National Tertiary Education Union president Jeannie Rea told The Express on Friday she recognised Monash faced challenges unravelling the implications of funding reductions imposed on it by the Federal Government to help pay for a proposed school reforms package.
However, she said it should not forget “the most important asset a university has is its staff”.
Responding to indications from Monash University Pro Vice-Chancellor Robin Pollard last week that “one way or another” universities would need to respond to the diminishing revenue and this would “impact on students and staff”, Ms Rea said “we would be very, very critical if they do make decisions to cut staff, which then has a direct impact on students”.
NTEU has asked university heads to defer building projects and “other new projects” in favour of retaining staff numbers, but when asked what the union expected of universities who had no projects in the pipeline, Ms Rea said “we are still of the view universities are big organisations and they do have the capacity to make decisions about the way they spend money.”
Last week Professor Pollard told The Express at Monash Gippsland there were no “easy gains to be had” as it had already become “quite frugal in the face of diminishing revenue”, but Ms Rea insisted “even though we are campaigning for more money to come into the system, they can still make a decision (to retain current staff)”.
“I find that very difficult to understand with Monash, which is actually one of the biggest universities in the country and has a lot of space in which to move,” she said.

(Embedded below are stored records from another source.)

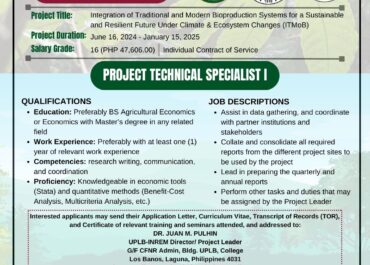 UPLB-INREM seeks Project Technical Specialist I for ITMoB Project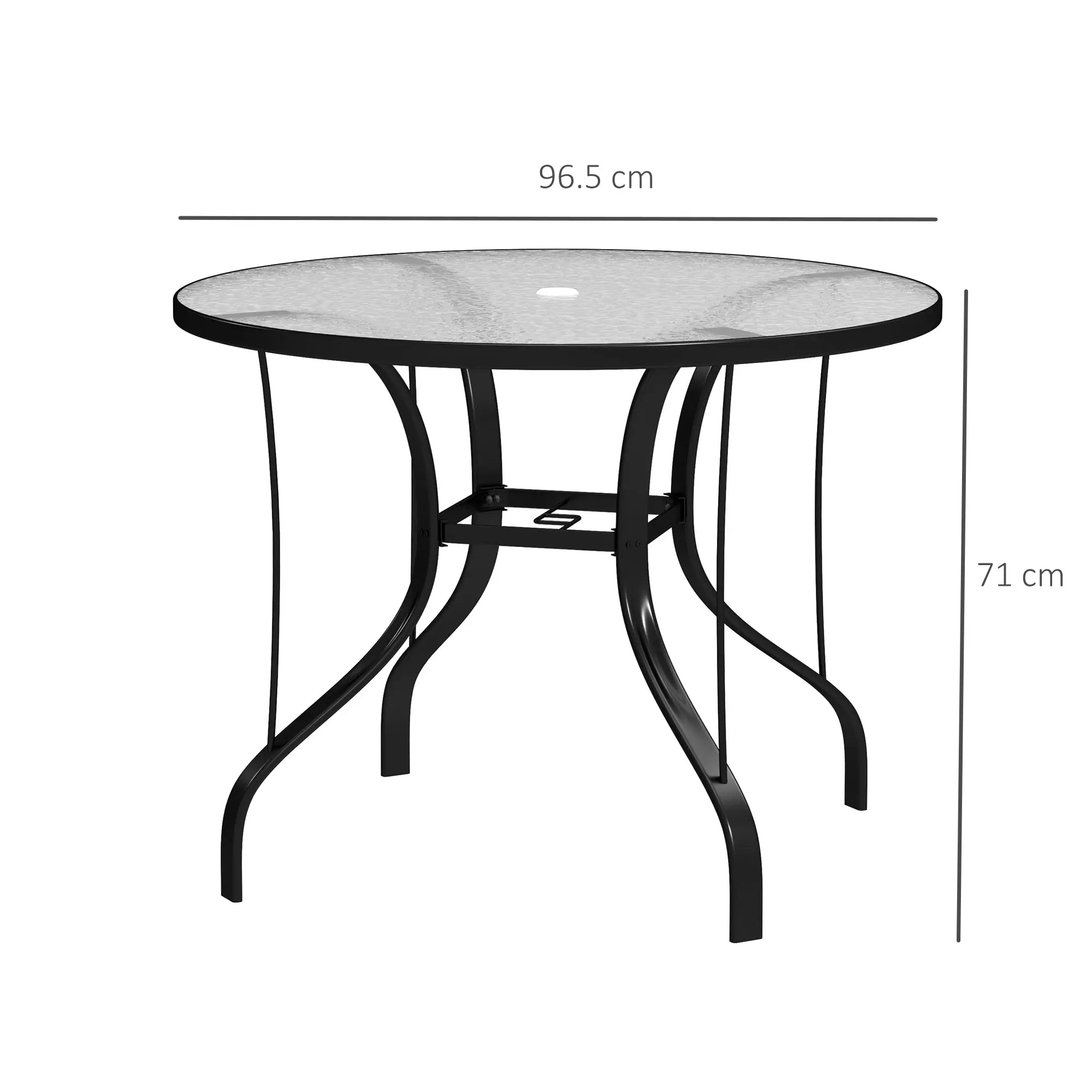 Outsunny Tempered Glass Top Round Outdoor Dining Table with Parasol Hole, 96.5 x 96.5 x 71 cm 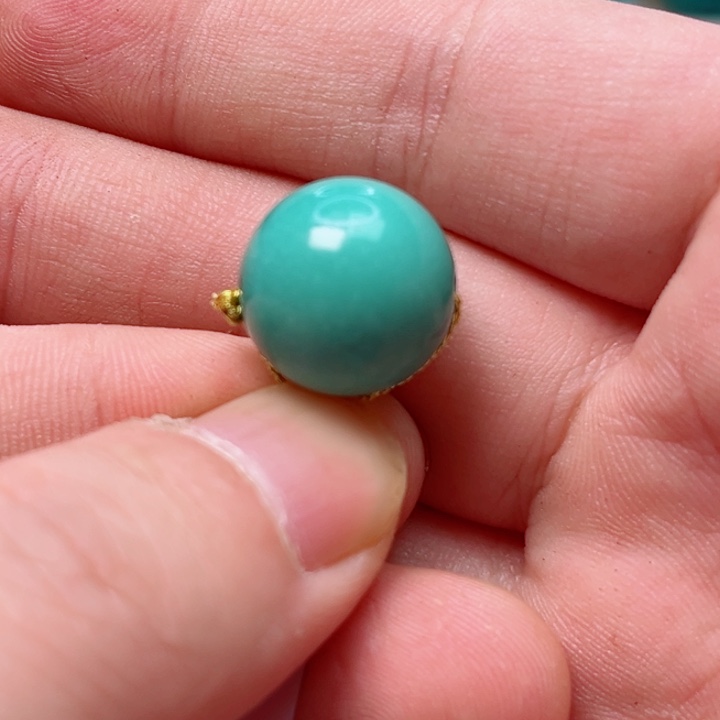 绿松石14.6圆珠未镶嵌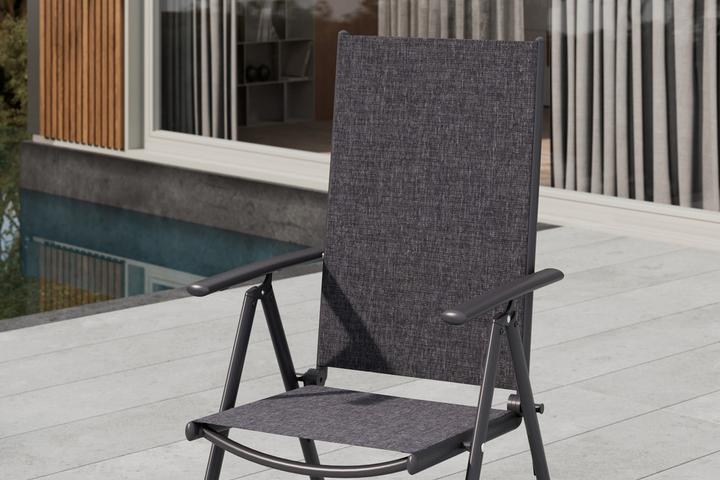 Gartenstuhl Dunkelgrau Schwarz Bezug Olefin Hochlehner wetterbeständig inkl. Armlehnen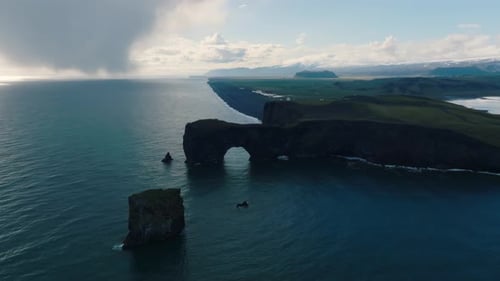 Iceland Black Sand Beach with Huge Waves at Reynisfjara Vik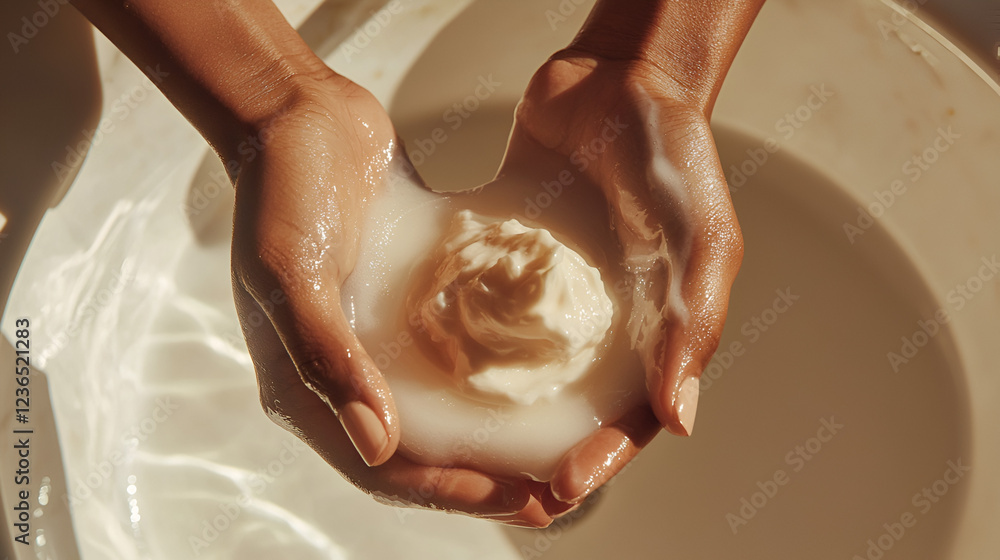Naklejka premium Creamy cleansing balm melting into hands, creating a luxurious and soothing experience.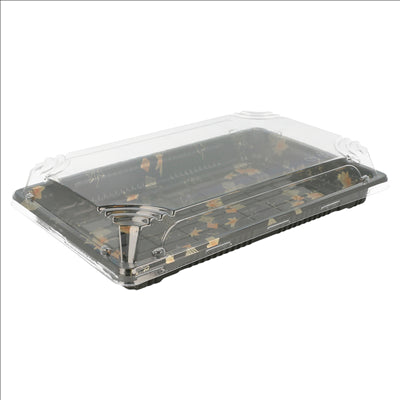 RÉCIPIENTS + COUVERCLES POUR "SUSHI" 24x15x4 CM NOIR PS (300 UNITÉS)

Ms Rea said she recognised local staff, students and their families would be “very, very worried” about the university’s current status.
“I know there are current consultations going on,” she said, referring to a ‘due diligence’ process with Monash and the University of Ballarat over a potential alliance, “but I would hope that if another university does take over, it would have the same level of obligation to people in the region”.
“I can understand people would be very anxious and that makes it important for the university to be as clear as it can be, as soon as it can, about how the efficiency dividend will affect various campuses.
“I know it as been difficult and they (the university) are trying to unravel where the figures have come from.
“We acknowledge the uni was working with one set of budgetary figures and this latest (government announcement) does make it more difficult but it doesn’t change the fact the most important asset a uni has is its staff and you don’t look at the staff as the easy option, when students are constantly saying they need more staff… my view is that would be very short-sighted,” Ms Rea said.
Meanwhile the NTEU has also maintained funding per university student is set to fall as a result of ‘efficiency dividends’ soon to be imposed on the sector, despite the Federal Government’s claims otherwise.
Ms Rea said the union’s research challenged claims by Federal Education, Skills, Science and Research Minister Craig Emerson in an email earlier sent to Monash staff and students.
She said the government’s assertion “real per student funding to universities will continue to rise” despite a $900 million ‘efficiency dividend’ of two per cent to be imposed in 2014 and 1.25 per cent in 2015, was inaccurate.
“The ‘efficiency dividend’ is bad news because it cuts the funding rate per student,” Ms Rea said.
“The NTEU’s analysis of the Federal Government’s own figures, shows that funding per student will fall on average by $332 in 2014 and $488 by 2017.”